In the meantime, the Banana Man waits silently for his coronation. East of his plantation lies the near-abandoned industrial park of Caracol, the brainchild of Bill and Hillary Clinton. They are busy up north on their own plans for coronation. Martin O’Malley decided to bring up Haiti in his campaign. He’s currently polling >1%.

1994 – It was called Operation Uphold Democracy. President Clinton had decided to bring Aristide back. He could ignore him no longer. The President’s economic embargos had only made things worse. He could no longer turn a blind eye to the hunger strikes at his door and the Boat People who continued to drift into Key West, dead and alive. The old ally Cédras would be removed, but it was ok, he’d be taken care of. Aristide was brought back to Port-au-Prince, triumphant, accompanied by the drone of Black Hawks and American army boots. Aristide addressed his supporters, declaring the return of democracy from inside a see-thru bulletproof box. A perfect display of powerlessness.

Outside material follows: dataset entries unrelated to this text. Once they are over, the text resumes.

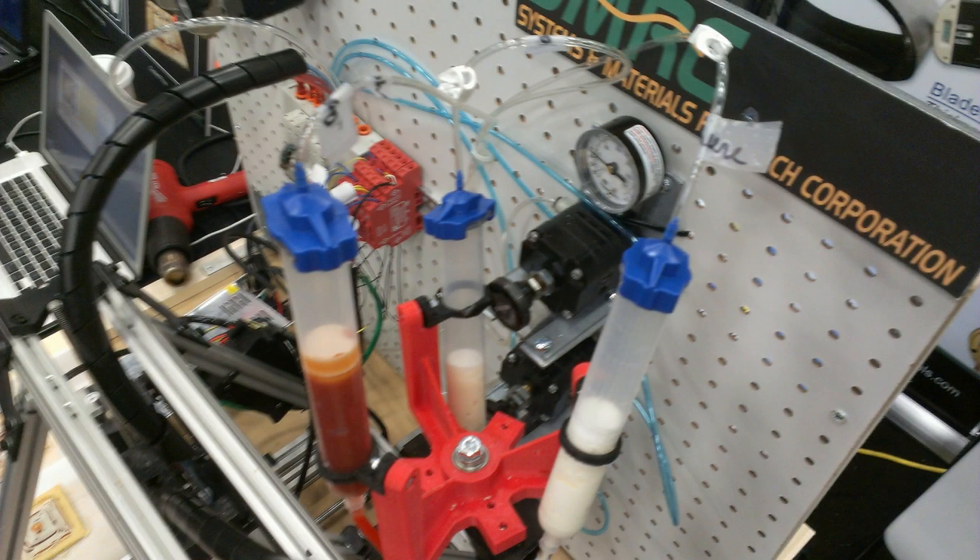We use those powders to make viscous slurries of food, which you can see in these cartridges. We design our code, we design the recipes, and according to that it prints actual food.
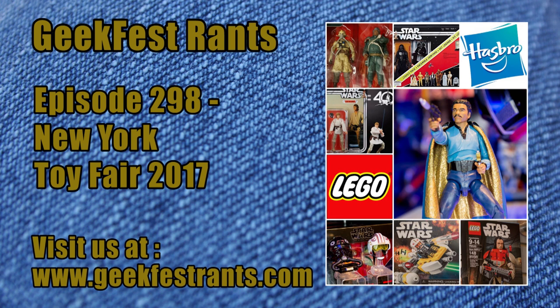Duel on Naboo — a Qui-Gon and Obi-Wan versus Darth Maul set. They've never actually made that set before. There are mixed reviews, basically saying it should be bigger. But I'm happy that it's a small price and you can get those figures. Just like the Yoda Starfighter, it's $24.99 — the mid-price range. That's a good deal for that set.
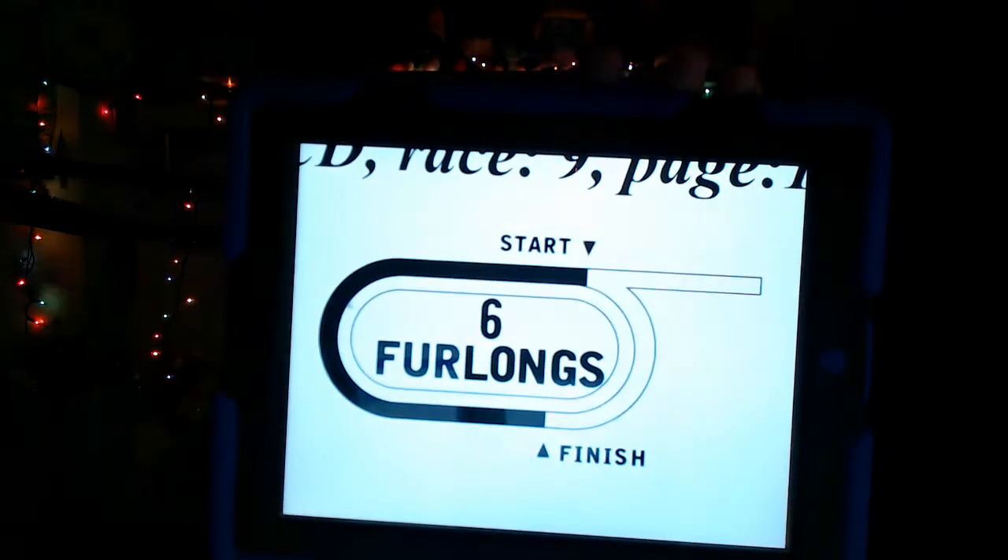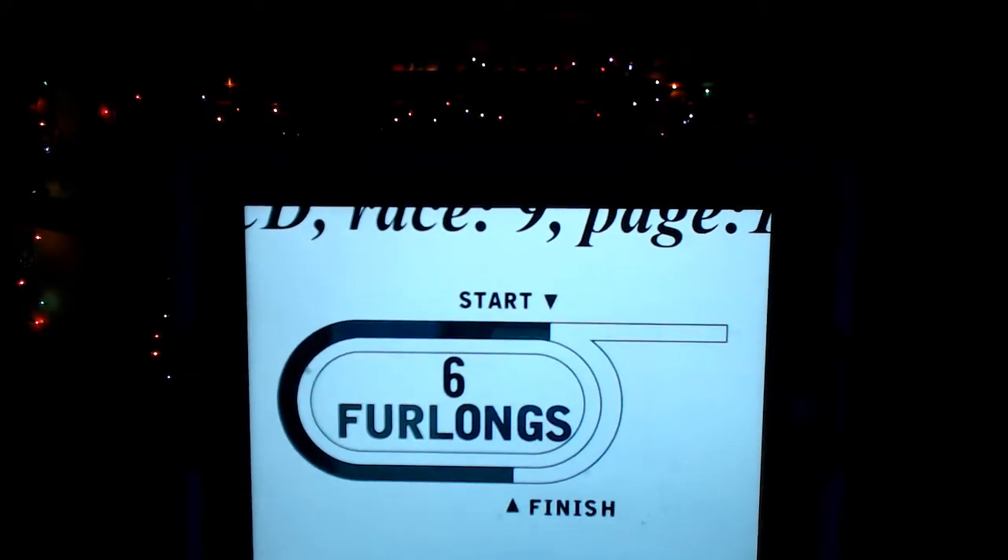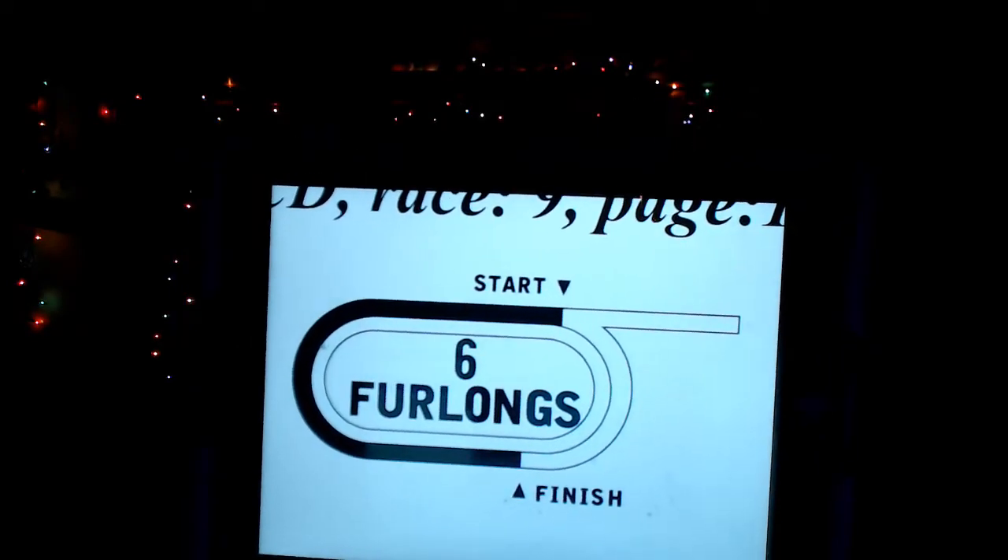I'm going to look at the featured 9th race, which is a good stakes race. The 9th race from Churchill is the Bet on Sunshine Stakes for $100,000. This race is for three-year-olds and upwards, a field of seven horses going to post at a distance of six furlongs on the main track, which will probably be wet.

The protests bring back familiar words of the “resistance” and “resilience” of the Haitian people that have bounced around liberal commentaries since the douz janvye earthquake. Y’ap boule. But the image of demonstrations and burning tires are simultaneously deployed by those who wish to preserve the pseudo-democratic status quo. The Organisation of American States, influential in Martelly’s rise, condemned the “acts of violence,” urging a swift end to the crisis. That means swift elections. CEPR observer Jake Johnston wryly notes that here, “the past is prologue.

“Remember: Martelly became president through riots,” warns Jonathan Katz. He’s seen it all before. Was Haiti ready for an election, less than a year after the devastation of the goudougoudou that ripped Port-au-Prince apart? No matter, President Preval’s time was up, elections must be held. Sweet Micky finished third in the first-round of elections, behind law professor Mirlande Manigat and Jude Celestin. (Famni Lavalas were banned from participating).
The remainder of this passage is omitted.